WHAT YOU ARE ASKED TO DO> Skip any image you find and restate the rest of the data word for word.

*** SUPPLIED INFORMATION Section Begins ***

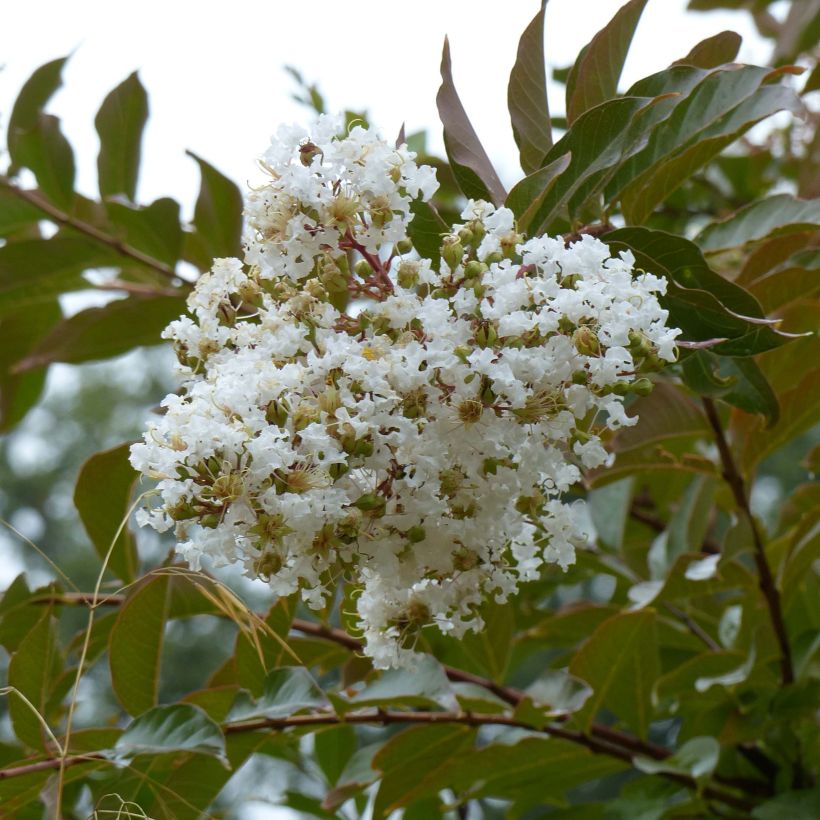 Árbol de Júpiter Nivea - Lagerstroemia indica (Floración)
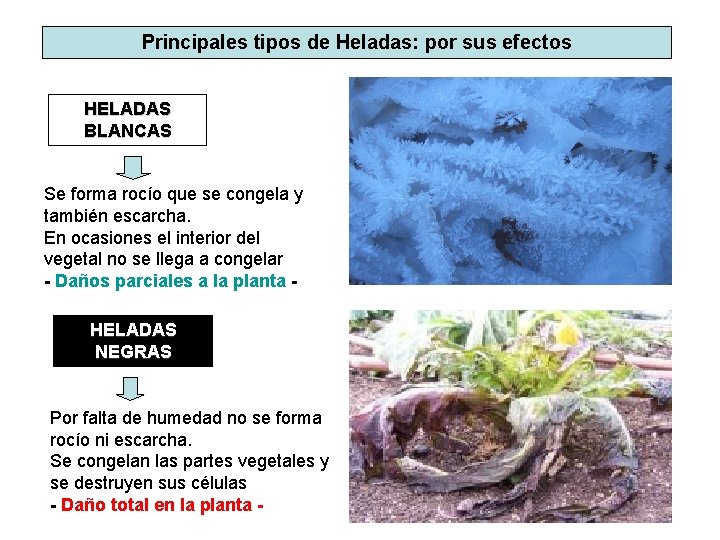 Principales tipos de Heladas: por sus efectos HELADAS BLANCAS Se forma rocío que se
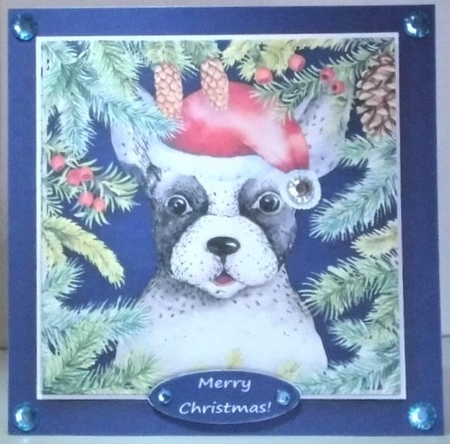 Christmas Pup Puppy Dog 6 X 6 Card Topper & Assorted Greetings by Hazel Underwood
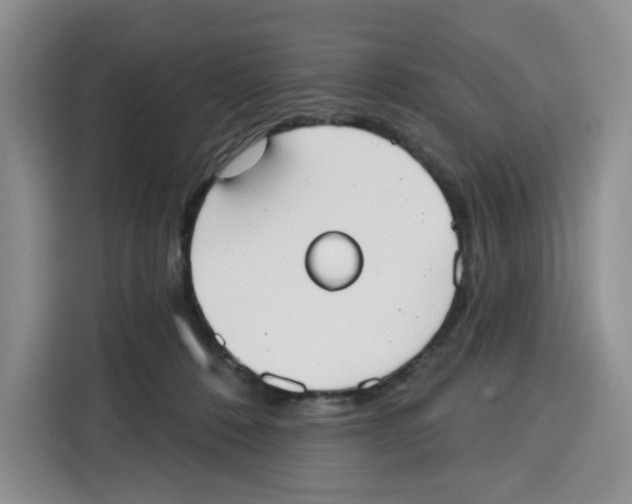 X0000115090320200911241218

*** SUPPLIED INFORMATION Section Ends ***

RESULT FOR THIS TASK>
 Árbol de Júpiter Nivea - Lagerstroemia indica (Floración)
 Principales tipos de Heladas: por sus efectos HELADAS BLANCAS Se forma rocío que se
 Christmas Pup Puppy Dog 6 X 6 Card Topper & Assorted Greetings by Hazel Underwood
 X0000115090320200911241218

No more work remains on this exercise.